Distributions and Random Variables I am confused about the relation between random variables and probability distributions in applications. 
Let $\Omega$ be a probability space. Often, $\Omega$ is some measure space that is turned into a  probability space by a probability distribution. Assume that $\Omega$ is $\mathbb R$ with a probability distribution $f$. Let $X$ be a random variable on $\Omega$. Then, the image of $X$ can be thought of as a probability space by defining the probability of a measurable subset $Y$ in its image to be
$$
\int_{X^{-1}(Y)} X \cdot f.
$$
Furthermore, now that the image of $X$ is considered a probability space, there exists a probability distribution $g$ that defines it, i.e., for each measurable subset $Y$ in the image of $X$,
$$
\int_{X^{-1}(Y)} X \cdot f = \int_{Y} g.
$$
What is an example (a real-world application) of when one cares about each of these objects, i.e., when would one want to defined a probability distribution on $\mathbb R$, then a random variable and then the probability distribution on the image of that random variable?

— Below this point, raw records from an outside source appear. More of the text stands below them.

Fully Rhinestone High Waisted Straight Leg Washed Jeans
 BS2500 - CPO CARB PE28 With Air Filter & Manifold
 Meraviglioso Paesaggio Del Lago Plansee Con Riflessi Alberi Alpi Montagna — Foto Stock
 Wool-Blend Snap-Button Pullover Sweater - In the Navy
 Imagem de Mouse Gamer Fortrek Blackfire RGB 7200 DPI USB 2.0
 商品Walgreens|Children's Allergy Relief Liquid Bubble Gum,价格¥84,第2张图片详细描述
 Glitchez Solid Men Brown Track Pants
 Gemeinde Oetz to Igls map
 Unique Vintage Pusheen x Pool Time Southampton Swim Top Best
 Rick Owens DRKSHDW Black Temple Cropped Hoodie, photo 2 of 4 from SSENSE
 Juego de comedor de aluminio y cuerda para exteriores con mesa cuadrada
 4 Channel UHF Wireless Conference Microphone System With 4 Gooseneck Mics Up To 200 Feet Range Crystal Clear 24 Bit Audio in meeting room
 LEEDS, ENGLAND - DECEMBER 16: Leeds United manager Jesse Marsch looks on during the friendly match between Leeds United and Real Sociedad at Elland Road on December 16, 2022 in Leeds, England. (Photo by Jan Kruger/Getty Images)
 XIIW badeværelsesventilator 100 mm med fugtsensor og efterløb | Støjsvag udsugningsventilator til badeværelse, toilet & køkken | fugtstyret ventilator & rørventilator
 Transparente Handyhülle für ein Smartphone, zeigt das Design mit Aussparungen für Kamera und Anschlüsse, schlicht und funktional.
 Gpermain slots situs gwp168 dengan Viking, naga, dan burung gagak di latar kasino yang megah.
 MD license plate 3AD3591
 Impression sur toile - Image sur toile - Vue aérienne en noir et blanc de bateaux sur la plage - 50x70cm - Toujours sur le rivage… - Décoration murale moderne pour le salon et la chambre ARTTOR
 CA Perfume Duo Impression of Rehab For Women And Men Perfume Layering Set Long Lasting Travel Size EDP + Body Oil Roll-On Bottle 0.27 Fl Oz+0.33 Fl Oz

 A: I think the essence of your question is the following:

What is the point of using random variables if everything will boil
  down to a distribution in the end?

My personal feeling is that in the limited situation you are describing (when the measure space is $\Omega=\mathbb R$ and only allowed to consider one random variable at a time taking values in $\mathbb R$) there is indeed not that much to be gained by using random variables, other than convenience of notation.
However, working with random variables becomes essential on $\mathbb R^n$ for $n>1$, and I bet you are already encountering this case in practical applications without realizing it. For instance, any time you want to consider/compare two random variables on the same probability space, you are actually working with a random element of $\mathbb R^2$. This is the idea behind the concept of coupling. Indeed, just to describe the marginal law of a random variable $X$ given the joint distribution $(X,Y)$ requires random variables.
This is the point in the post where I will start using notations from measure theory, the rigorous foundation for modern probability - see here if you are not familiar with this notation.
Going back to the previous example, to describe the marginal law of a random variable $X$ given its joint distribution $(X,Y)$ with some other random variable $Y$, one must make use of a (measurable) mapping between measure spaces - in this case, $\mathbb R^2$ equipped with the Borel $\sigma$-algebra and a measure (perhaps given by a density similar to how you described, or perhaps not) and a mapping to $\mathbb R$ given by projecting onto the first coordinate.
Typically in a first-year graduate course in probability, one starts by learning measure theory then transitioning into probability theory - with the transition point usually being the moment that independence is introduced. Of course, independence can be studied purely in the context of measure theory under the name of "product measures", but much of the intuition is lost without thinking in terms of random variables. And this point is also the moment when the power/usefulness of working with random variables, and not just with distributions, comes into its own.
Now to wildly extrapolate the essence of your question to a much broader context. Many classes of mathematical objects can be categorized in a systematic way - not surprisingly, called category theory - with probability being no exception. Categories have objects, and maps between objects (one famous example being the category whose objects are sets, and whose mappings are functions). One can consider a category whose objects are probability spaces $(\Omega,\mathcal F,\mathbb P)$, and whose mappings are random variables (more precisely, random elements - since people typically reserve "random variable" for the case when the codomain is $\mathbb R$). From this perspective, the reason we care about random variables is the same reason we care about mappings in any category: even if the most "tangible" part of a category is its objects, all the most interesting stuff happens in the mappings between them. This is why (in my opinion) probabilists seem to talk a lot more about random variables than about probability distributions.